Previous cases in this Court have not defined the extent of the business necessary to the presence of a foreign corporation in the state for the purpose of a valid service; it is sufficient if it is doing business therein. We are of opinion that the finding of the court in this case is supported by testimony, and that the corporation was doing business in Missouri.
It is urged that it clearly appears from the testimony in this case that Dr. Mason was sent into the State of Missouri because of the fraud and artifice of the plaintiff, and that in such case the law will not permit a service of summons to stand. It is undoubtedly true that, if a person is induced by artifice or fraud to come within the jurisdiction of the court for the purpose of procuring service of process, such fraudulent abuse of the writ will be set aside upon proper showing. Fitzgerald Const. Co. v. Fitzgerald, 137 U. S. 98. "The fraud of the plaintiff," says the counsel for the plaintiff in error, "consisted in inducing the company, by artifice, to confer upon Dr. Mason authority to compromise the suit."
Upon the testimony before the court, the circuit court reached the conclusion that the company was not induced by fraud or artifice to send Dr. Mason to the State of Missouri. This Court has jurisdiction to review, under § 5 of the Act of March 3, 1891, cases in which the question of jurisdiction alone is involved, and which are duly certified here for decision. And where the decision of the court below is clearly wrong, even upon a question of fact, it may be set aside under the power conferred by the statute upon this Court. We think this is the effect of the reasoning in Goldey v. Morning News, 156 U.S., supra, and Mexican Central R. Co. v. Pinkney, 149 U. S. 194.
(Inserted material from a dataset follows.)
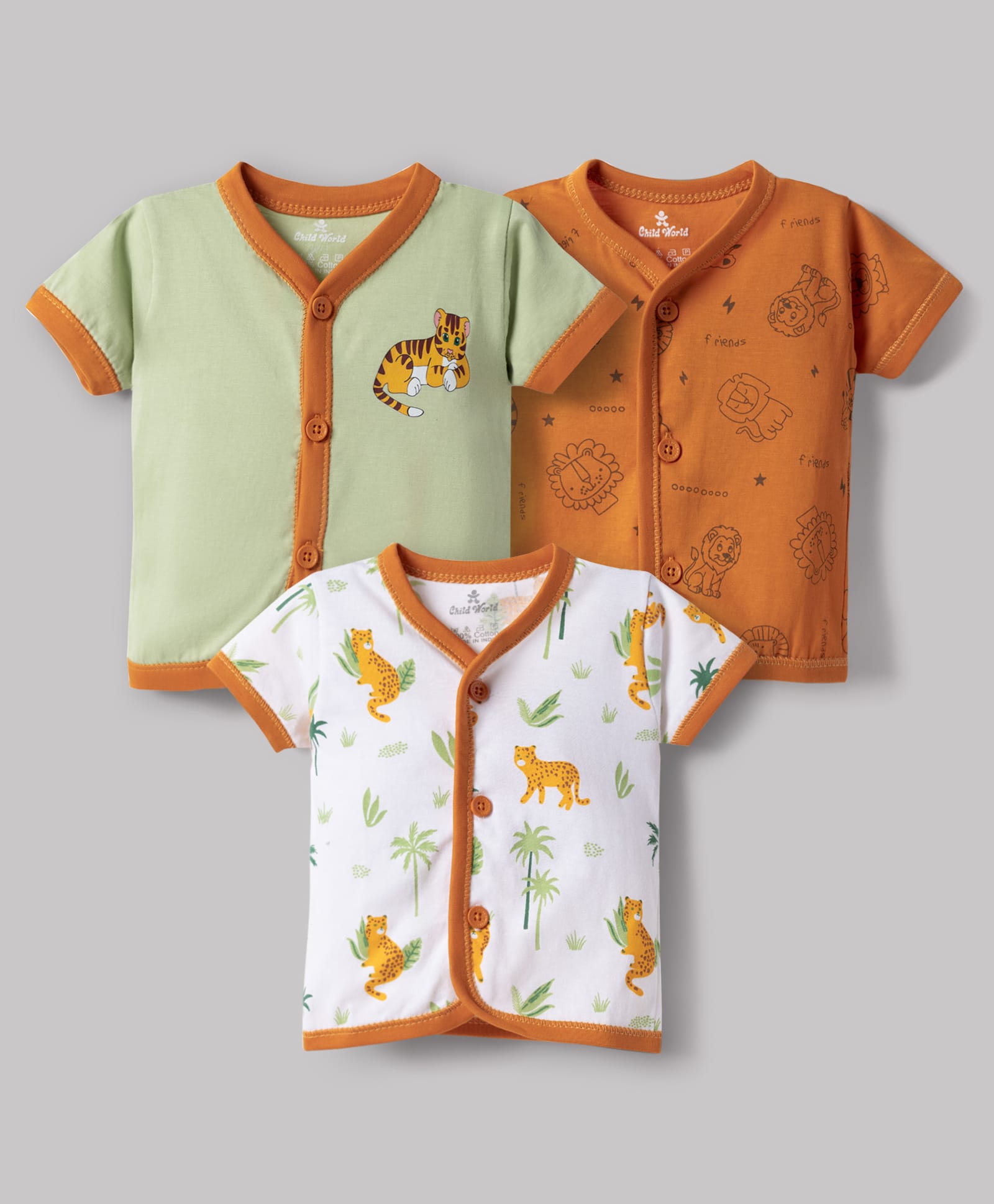 Child World Sinker Knit Half Sleeves Jungle Theme Printed Jhablas Pack Of 3 - Orange White & Light Green-picture-45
It is contended by counsel for the plaintiff in error that the evidence is undisputed, and clearly demonstrates the fraudulent conduct of the plaintiff in obtaining service in this case. But we are not prepared, on this question of fact, to say that the court below committed plain error. The court might have found upon the testimony that there was a bona fide attempt
to settle the controversy between the parties, and that it was only when they failed to settle that service of summons was made upon Mason, as the agent of the company. There is testimony tending to show that both parties expected an adjustment of the claim to be made at this meeting, which was held for that purpose. There is testimony from which it might be inferred that there was a bona fide offer to permit an examination at that time of the remains of the deceased. We do not feel authorized to find, as against the testimony set forth in the bill of exceptions, and the finding of the court below, that the purpose in writing the letter of February 20, and procuring authority to be conferred upon Dr. Mason to settle the case, and to come into the State of Missouri for that purpose, was a mere fraudulent scheme to obtain service upon the insurance company.
As the sole question before us pertains to the sufficiency of the service under the facts disclosed, we reach the conclusion that the judgment of the Circuit Court must be affirmed.